WORCESTER, Mass. - The City of Worcester is celebrating its 176th birthday Thursday.
The town of Worcester was incorporated as a city on Feb. 29, 1848, and the proclamation was put up to a vote, according to the Worcester Historical Museum.
“Worcester is a leap year baby," said Bill Wallace, executive director of the Worcester Historical Museum. "It's interesting that they chose February 29th to recognize that date when in fact, it doesn't become official in the eyes of the people of Worcester until March 18th, because they had on March 18th, they could have rejected that proclamation of the Commonwealth."
According to records published by the Worcester Society of Antiquity, the state passed a resolution on Feb. 29 saying Worcester can become a city and Worcester’s legal voters were asked to choose to accept the motion.

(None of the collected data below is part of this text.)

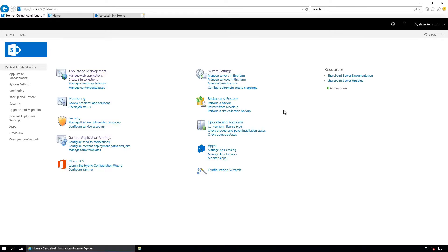Hey guys, in this video I am going to show you how to install and configure Microsoft SQL Server Reporting Service, which is SSRS, and integrate it with SharePoint 2019 to display reports. I have divided this video into two parts. In the first part we will install, configure and generate the SharePoint list item reports in SSRS. In the second part we will deploy the report viewer web part in SharePoint farm and publish or display the generated report in SharePoint.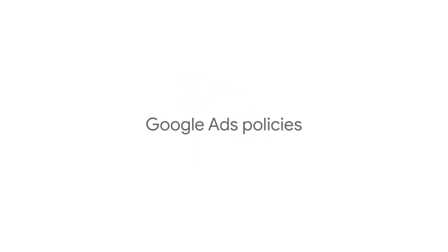This video is going to explain the ad review process. To keep ads safe and appropriate for everyone, ads are reviewed to make sure they comply with Google Ads policies.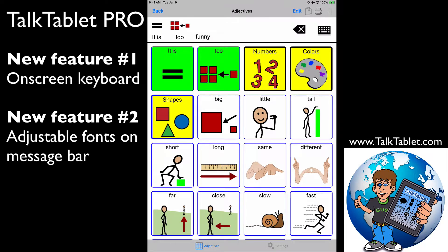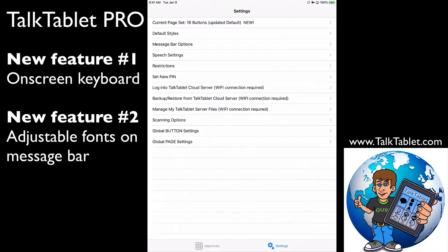In addition to that, if you look at the text appearing on the message bar — 'it is too funny' — if you go down to the very bottom in your settings, what you can do is change the font size that appears on the text on the message bar. So I go into Settings and Message Bar Options.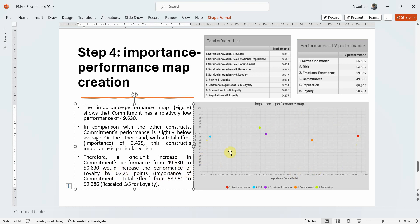Commitment has relatively low performance but its importance is particularly high at 0.425. Therefore, a one-unit increase in commitment's performance — from 49.630 to 50.630 — would increase loyalty's performance by 0.425, moving loyalty from 58.961 to 59.386. Service innovation has a performance score of 55.662 and its total effect (importance) is 0.617.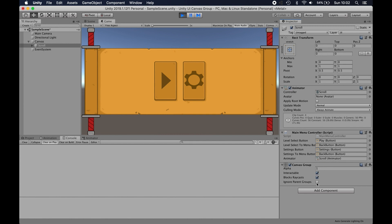So we can still use it now, but if we were to untick blocks raycast, we won't be able to click on that UI anymore.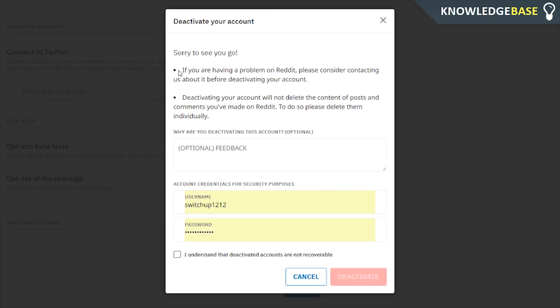You should know before you deactivate your Reddit account that once you deactivate it, all of your posts, comments, and everything you've said on Reddit is still going to be active. To remove all that you would have to remove it individually and then delete your account. The only thing that changes is your posts will say 'deleted account' instead of your username. Reddit doesn't have an option to delete all of your history at once, which is a bit stupid.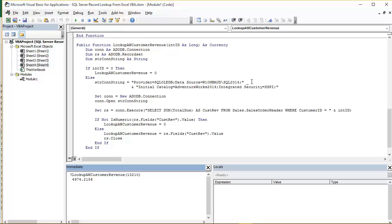Next up then we initialize our connection variable by calling the ADODB.connection object type. And then we open the connection. So CON.open.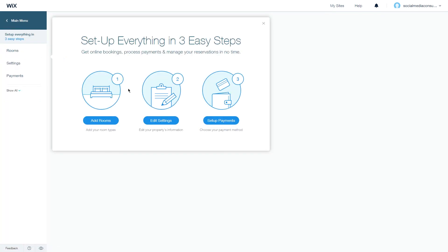And that's how you add Wix Hotels to your site and start setting it up. Thanks for watching.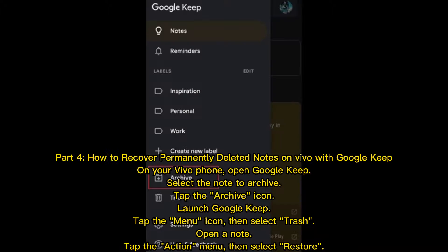Part 4. How to recover permanently deleted notes on Vivo with Google Keep. On your Vivo phone, open Google Keep and select the note to archive, then tap the Archive icon. Launch Google Keep, tap the Menu icon, and select Trash. Open a note, tap the Action Menu, and then select Restore.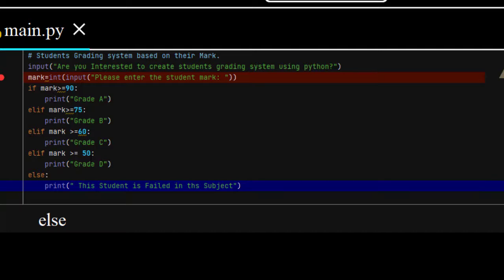So, you can create a student grading system based on their own mark on Python programming language using what? Conditional statement. If, elif, and else. So, to create, you can modify this based on your own skill.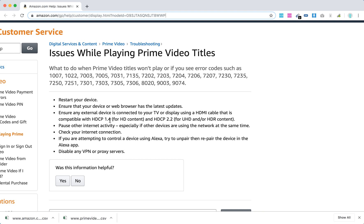Ensure that your HDMI cable is functional and compatible with HDCP 1.4 and HDCP 2.2 for higher HDR content.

Needing 757 votes to pass, 1,016 people voted in favor with 487 opposed, making Worcester officially a city at the hands of its residents in 1848. Most recently, the city celebrated its 300th anniversary since being incorporated as a town in 1722.
“Worcester has an amazing history and we're all part of it," Wallace said. "Whether it's something as momentous as Worcester becoming a city or someone's grandfather having a shop on Chandler Street or Main Street or someone breaking a world record, it's all the shared history of this great city that together we populate and we create.”
Thursday being the city's 176th birthday means Worcester is only 43 if you only counting leap years, due to the fact that there was no leap year in 1900.